Dubai Firm Eyes U.S. Aviation Companies


Dubai Aerospace Enterprise has proposed a $1.5 billion deal to buy Landmark Aviation, an FBO network with 35 locations, and Standard Aero, a provider of overhauls and maintenance for turbine engines. The proposed deal has raised some eyebrows in Washington, where the deal is expected to be subjected to scrutiny. A proposal from Dubai interests last year to manage some U.S. ports was derailed amid security concerns. DAE is a fairly new company, established in February 2006, with plans to expand into all sectors of aerospace over the next 10 years — from training to manufacturing to aircraft leasing and maintenance — investing $15 billion and employing 30,000 workers. It’s owned by the state and chaired by Sheikh Ahmed bin Saeed Al Maktoum, chairman of the Emirates airline group. Robert Johnson, formerly the CEO of Honeywell Aerospace, was named CEO last summer. If the deal goes through, Johnson told Bloomberg News on Tuesday, “We have no intention of moving them [Landmark and Standard Aero] from where they are. But as the market becomes more global we think there’s an opportunity to extend them into regions of growth,” such as Europe, the Middle East and Asia.
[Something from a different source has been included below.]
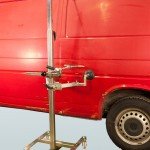 Dent pulling of commercial vehicles with help of SmartPuller.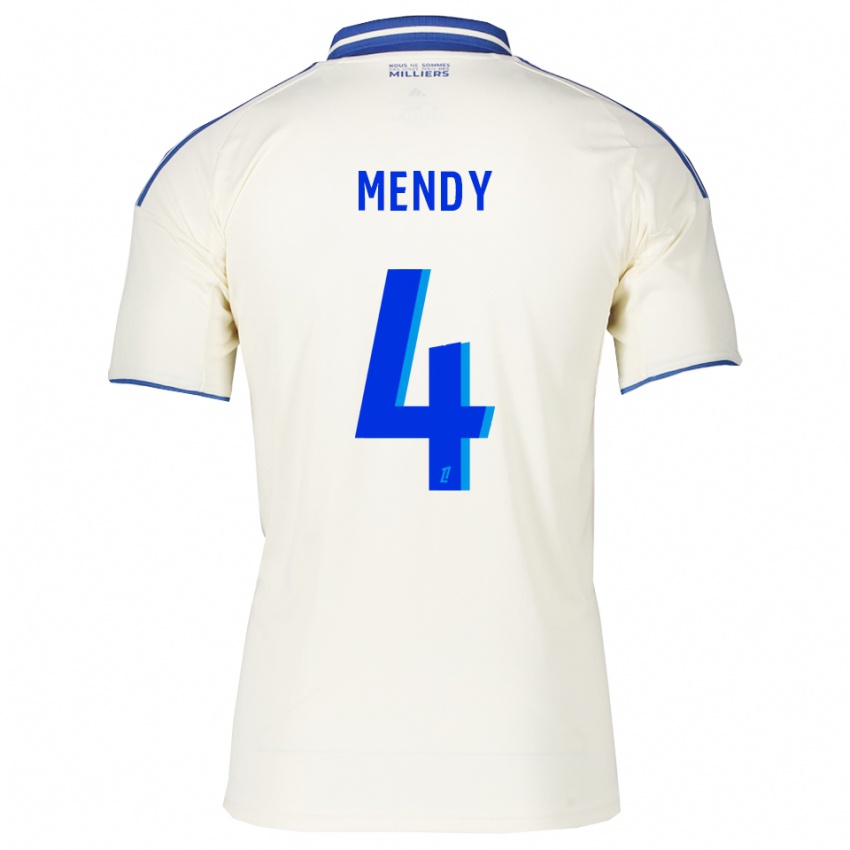 גברים פרנסואה מנדי #4 שמפניה כחול הרחק ג'רזי 2025/26 חולצה קצרה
The deal would be subject to congressional review, but Sen. Chuck Schumer, D-N.Y., who led the opposition to the Dubai Ports deal, told the Financial Times: “This purchase is not as much of a security risk as Dubai Ports World, but because it deals with maintenance of aircraft, it certainly raises security questions.” According to Bloomberg, Schumer also said that following proper security reviews, “the deal is unlikely to have problems in Congress.”